Required action
Transcribe nothing but the lines from the one with "Klysna Spegel 59" to the end of the entries, both included, keeping each exact and leaving every picture out.

________________________

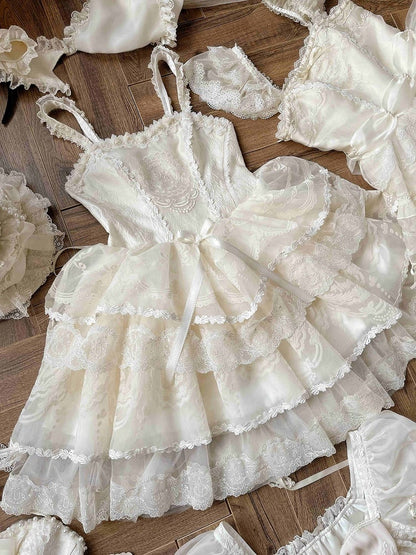 Creamy White Tiered Skirt Princess Lolita Corset Dress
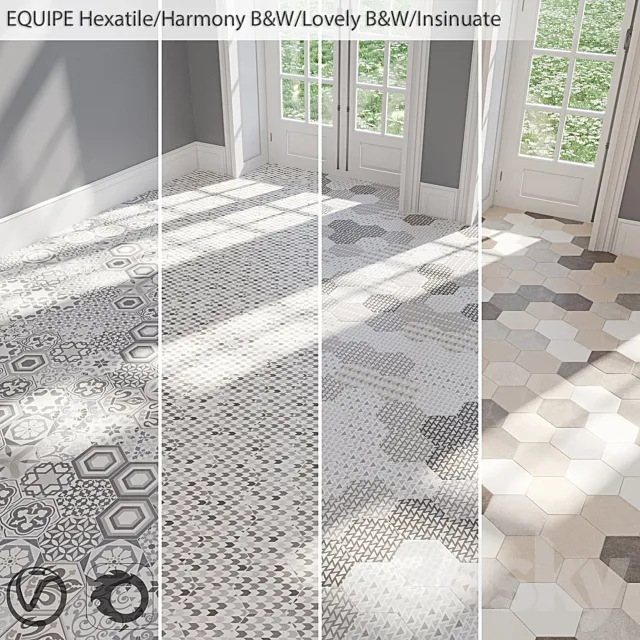 EQUIPE Hexatile _ Harmony B & W _ Lovely B & W _ Insinuate Garden _ Sand _ Black _ Gray _ Mink _ Mud _ Sand _ White 3D Model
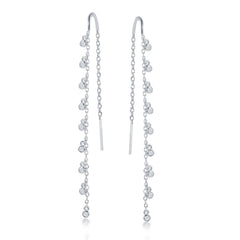 Sterling Silver Hanging Bezel-set CZ with Hanging Bar Chain Threader Earrings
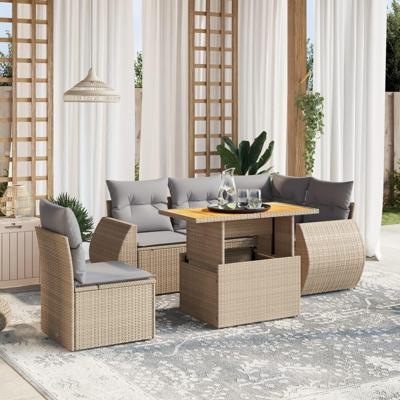 6-delige Loungeset met kussens poly rattan beige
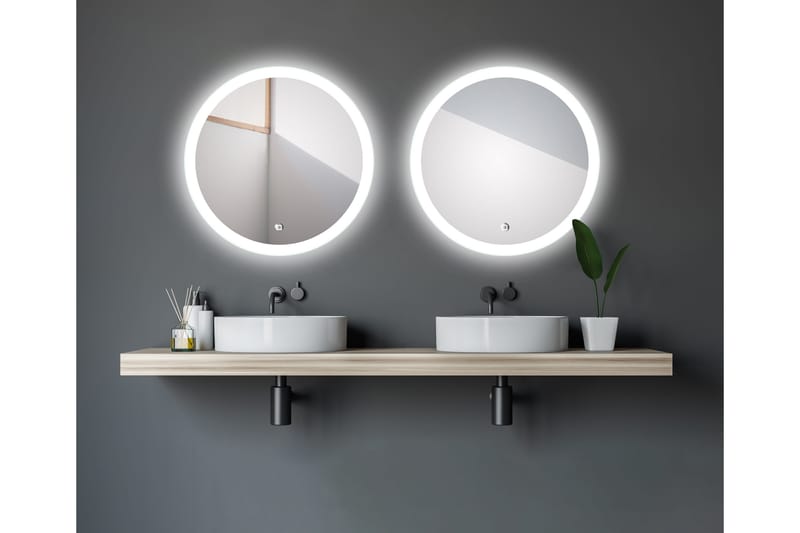 Klysna Spegel 59 cm Rund - Silver - Belysning - Badrumslampa & badrumsbelysning - Badrumsspegel med belysning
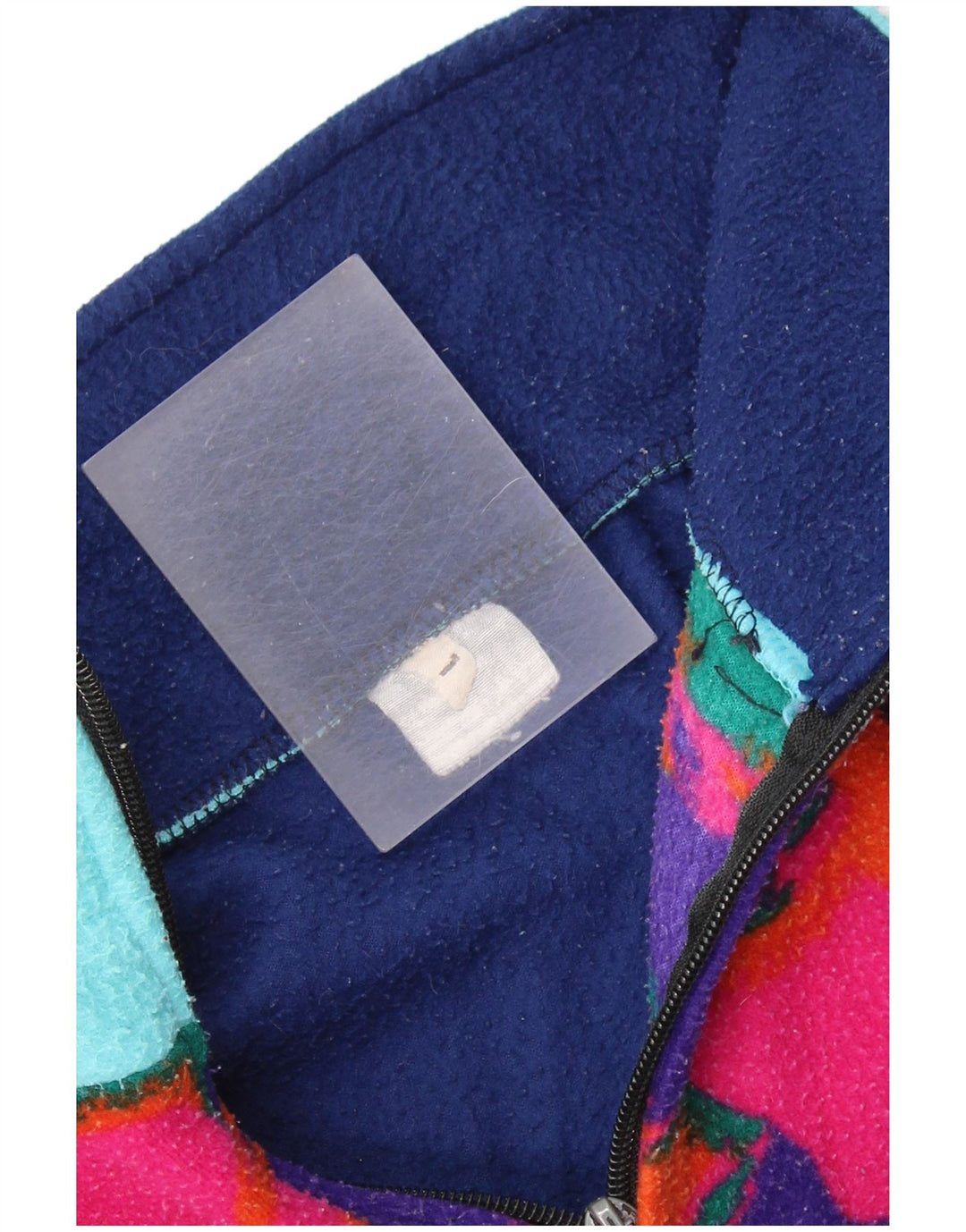 VINTAGE Fleece Jumper med lynlås til mænd Large Navy Blue Camouflage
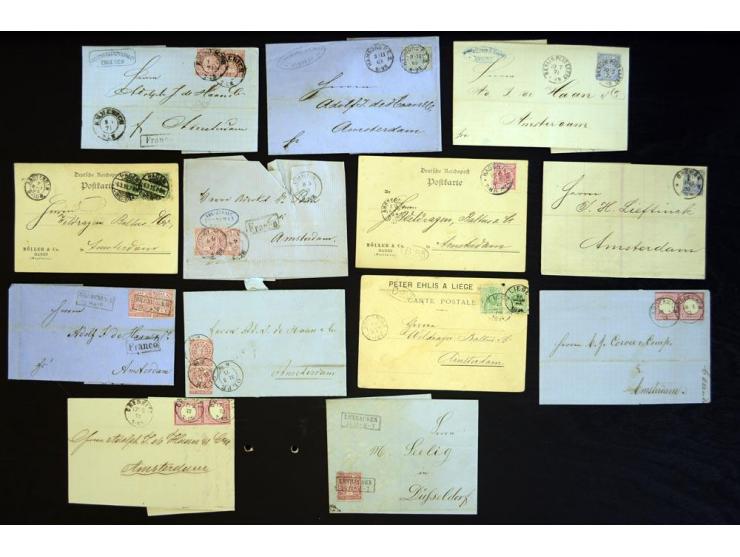 1857/74 (ca.), über 60 frankierte Briefe aus einer Firmen- und Familienkorrespondenz nach Amsterdam, dabei viele interessante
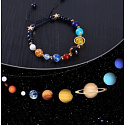 Chakra bracelet - Planets of the solar system, natural stone, hand knitted, adjustable size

________________________

Exercise output
 Klysna Spegel 59 cm Rund - Silver - Belysning - Badrumslampa & badrumsbelysning - Badrumsspegel med belysning
 VINTAGE Fleece Jumper med lynlås til mænd Large Navy Blue Camouflage
 1857/74 (ca.), über 60 frankierte Briefe aus einer Firmen- und Familienkorrespondenz nach Amsterdam, dabei viele interessante
 Chakra bracelet - Planets of the solar system, natural stone, hand knitted, adjustable size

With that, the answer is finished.